Activity: Hand back, word for word, the lines from the one containing "Under Armour Mens" to the end of the records, both included, and leave out pictures.

Input:
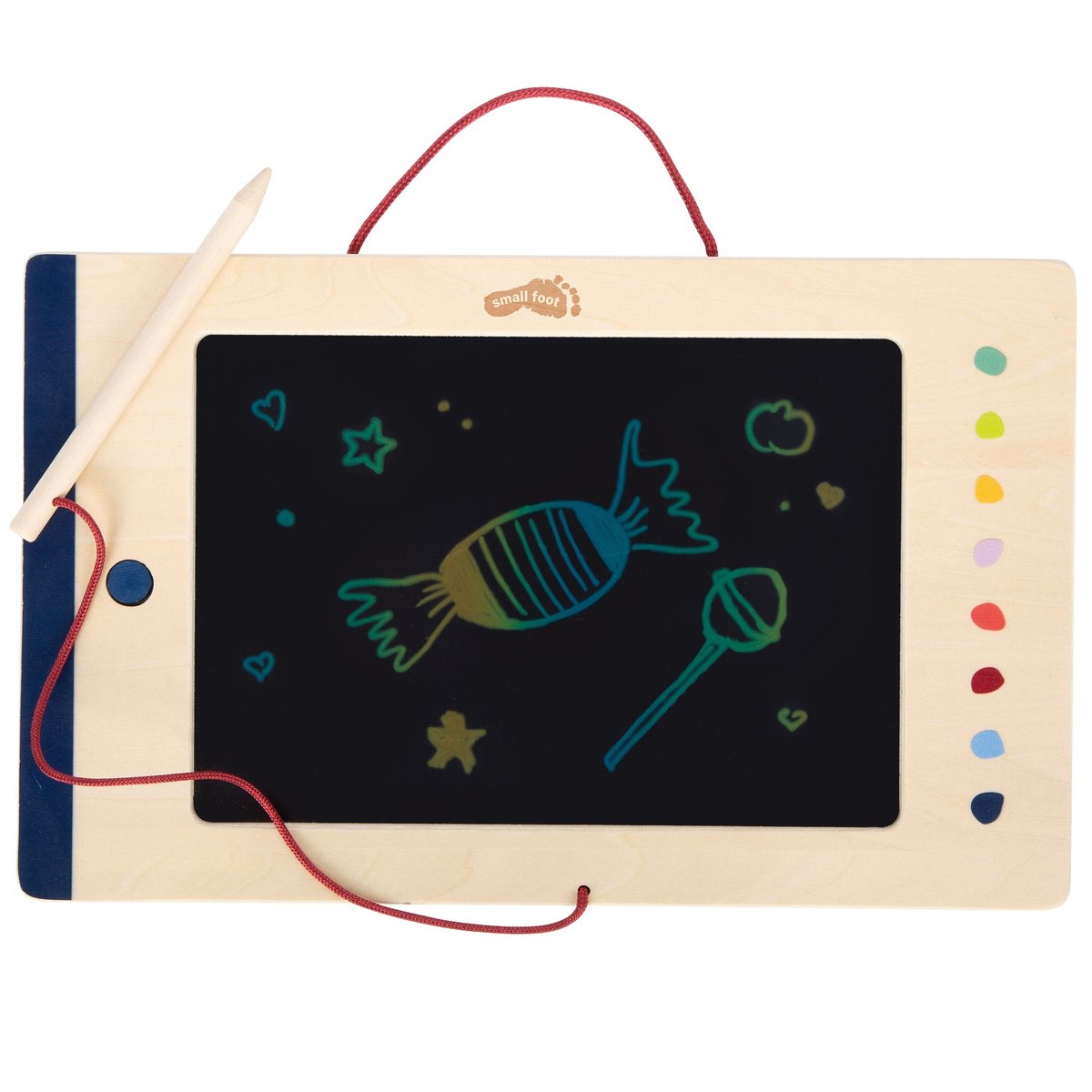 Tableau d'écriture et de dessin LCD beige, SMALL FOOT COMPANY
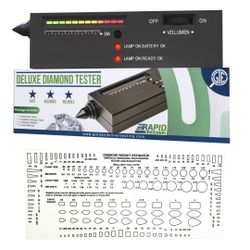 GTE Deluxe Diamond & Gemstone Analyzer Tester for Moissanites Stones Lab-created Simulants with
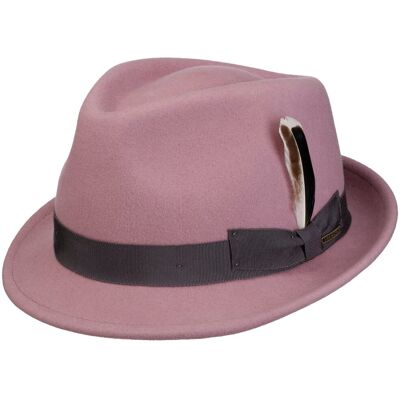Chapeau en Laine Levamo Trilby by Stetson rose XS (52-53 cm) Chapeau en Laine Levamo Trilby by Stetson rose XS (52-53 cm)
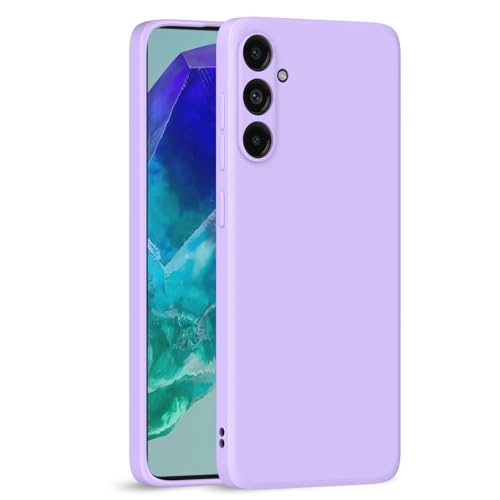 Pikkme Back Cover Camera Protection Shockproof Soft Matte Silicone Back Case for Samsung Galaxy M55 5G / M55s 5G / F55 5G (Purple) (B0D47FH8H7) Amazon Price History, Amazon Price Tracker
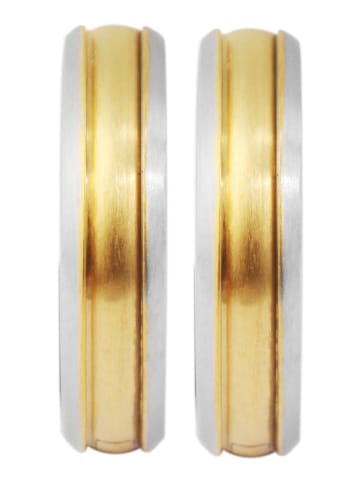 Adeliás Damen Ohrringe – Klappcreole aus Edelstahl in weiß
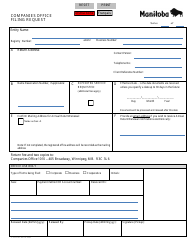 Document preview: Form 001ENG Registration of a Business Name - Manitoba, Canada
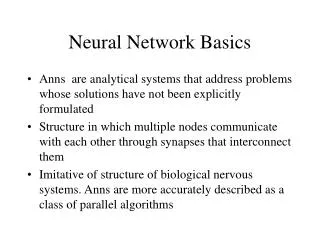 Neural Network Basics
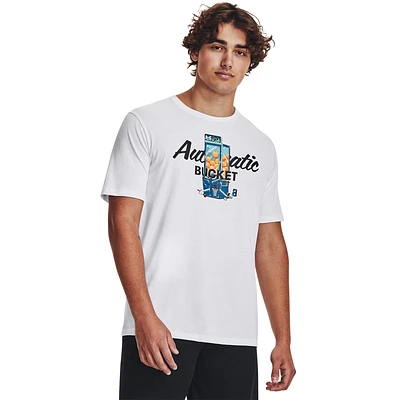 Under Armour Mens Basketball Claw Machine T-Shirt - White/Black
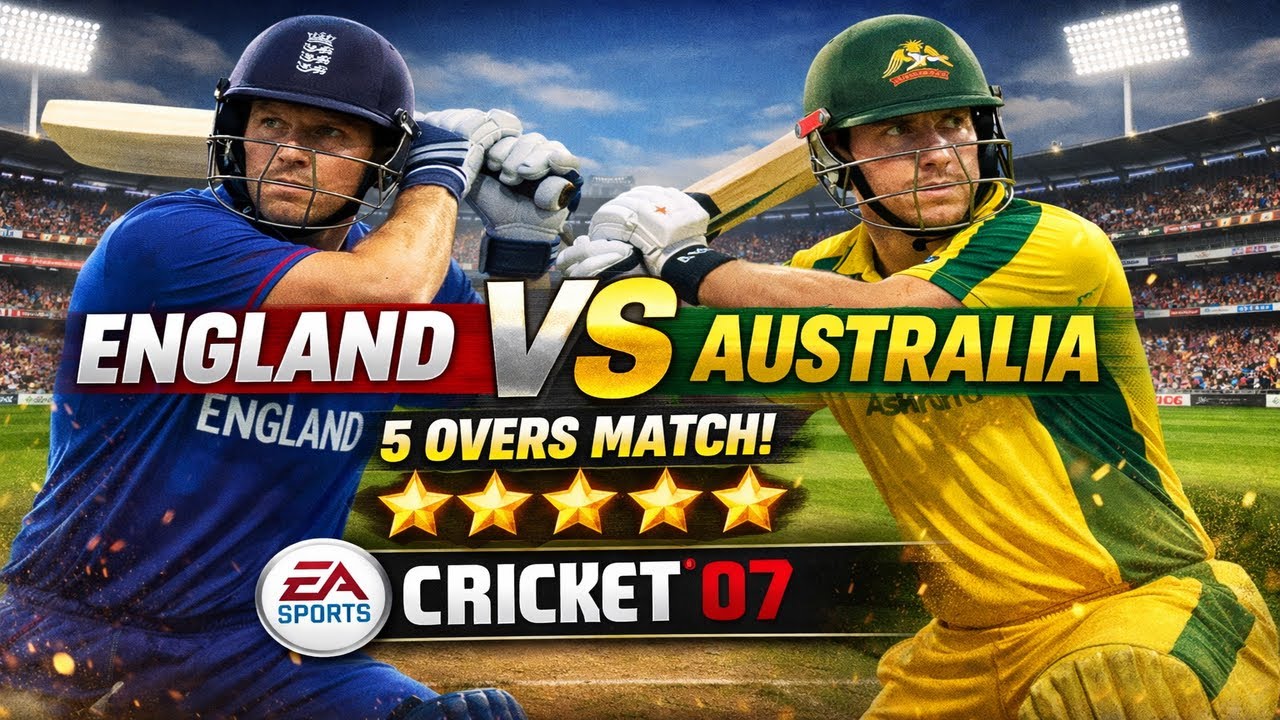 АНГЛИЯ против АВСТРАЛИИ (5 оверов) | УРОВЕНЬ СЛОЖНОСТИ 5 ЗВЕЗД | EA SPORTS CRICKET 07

Response to this task:
 Under Armour Mens Basketball Claw Machine T-Shirt - White/Black
 АНГЛИЯ против АВСТРАЛИИ (5 оверов) | УРОВЕНЬ СЛОЖНОСТИ 5 ЗВЕЗД | EA SPORTS CRICKET 07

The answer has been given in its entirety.